Indonesian fund managers say they will put their money in construction and telecommunication sectors in 2017. (Antara Photo/Ampelsa)
Construction, Telco Stocks, Medium-Term Bonds: Local Fund Managers' Top Picks for 2017
BY :SARAH YUNIARNI
JANUARY 02, 2017
Jakarta. Indonesian fund managers said they will put their own money in construction and telecommunication sectors in 2017, banking on the government's sustained focus on infrastructure projects across the country that they expect will bring steady income to locally-oriented firms amid renewed uncertainties in the global economy.
MNC Asset Management director Suwito Haryatno said in an email sent to the Jakarta Globe that construction-related sectors are expected to grow strongly in 2017, boosted by spillovers from government-led infrastructure programs, contract renewals and new orders in 2016 — which will also be the main sources of the company's revenue in the next three to four years.
Four state-owned construction companies — Wijaya Karya, PP Properti, Waskita Karya and Adhi Karya — for example, booked new contracts valued at a combined Rp 135 trillion ($10 billion), up 73 percent year-on-year as of November 2016, according to data compiled by MNC Asset Management.
Government spending on infrastructure increased 9.3 percent to Rp 347 trillion in 2017 from Rp 317 trillion last year in order to drive the economy.

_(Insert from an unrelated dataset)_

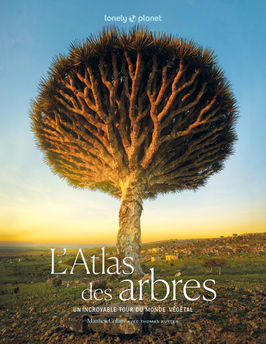 L´ATLAS DES ARBRES - UN INCROYABLE TOUR DU MONDE VEGETAL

MNC Asset Management also mentioned Waskita Beton Precast stock, a subsidiary of state-owned builder Waskita Karya, as their top pick in 2017, praising the company's huge prospect as it plans to increase its production capacity to 3.8 million tons by 2018 from 2.3 million tons in 2016.
This year, Waskita Beton Precast expects to bag Rp 11 trillion in new contracts, 39 percent more than the company's initial target. The shares of the company, which trades under the WSBP ticker, have risen 6.7 percent in the last three months of 2016.

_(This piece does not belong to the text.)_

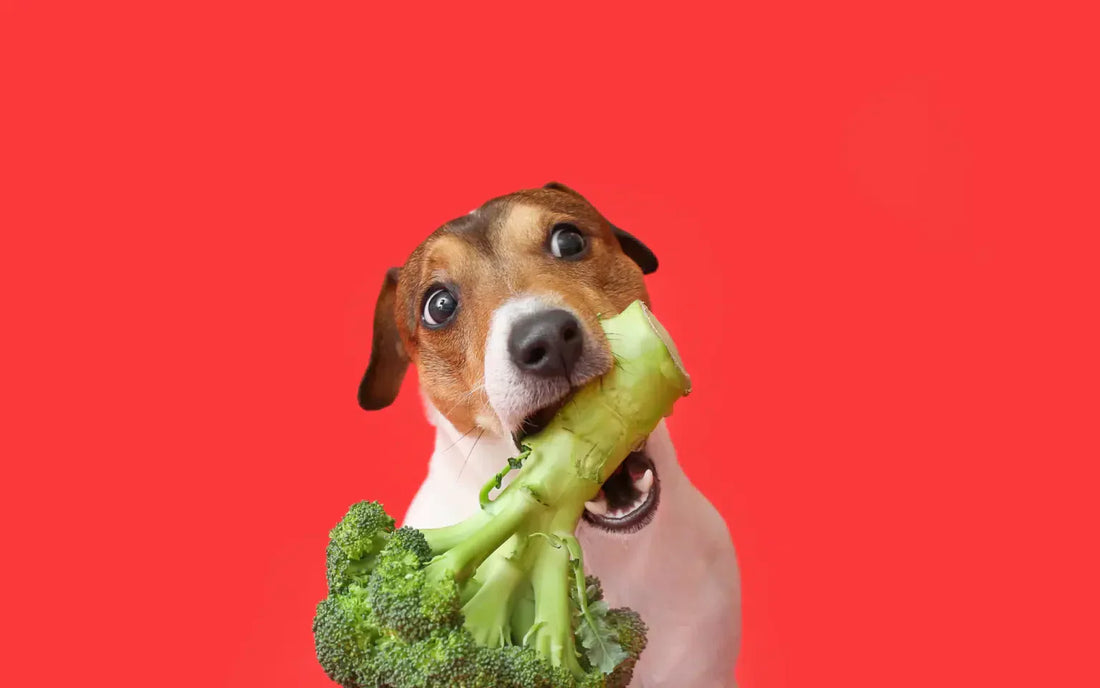 Dogs' Nutritional Requirements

Head of Sales at RHB Asset Management Edward Narodo echoed the projections, saying construction and telecommunication stocks will be overweight — or better value for money than others — in 2017.
Companies from these sectors have fewer competitors, are expected to post higher net income and will likely have stable revenues from expansion plans, Edward said.
State-controlled Telekomunikasi Indonesia (Telkom), the country's largest network provider, is another excellent prospect in 2017, with an expanded 4G mobile and optical fiber network to earn more revenue from broadband customers, Edward said.
Telkom's shares dropped 7.6 percent in the last quarter of 2016, but rebounded in the final week of the year.
Also, fund managers expect repatriated funds from the tax amnesty program will help boost domestic demand to benefit companies in sectors like property, financial services and consumers goods — such as cars, food, retail and electronic goods.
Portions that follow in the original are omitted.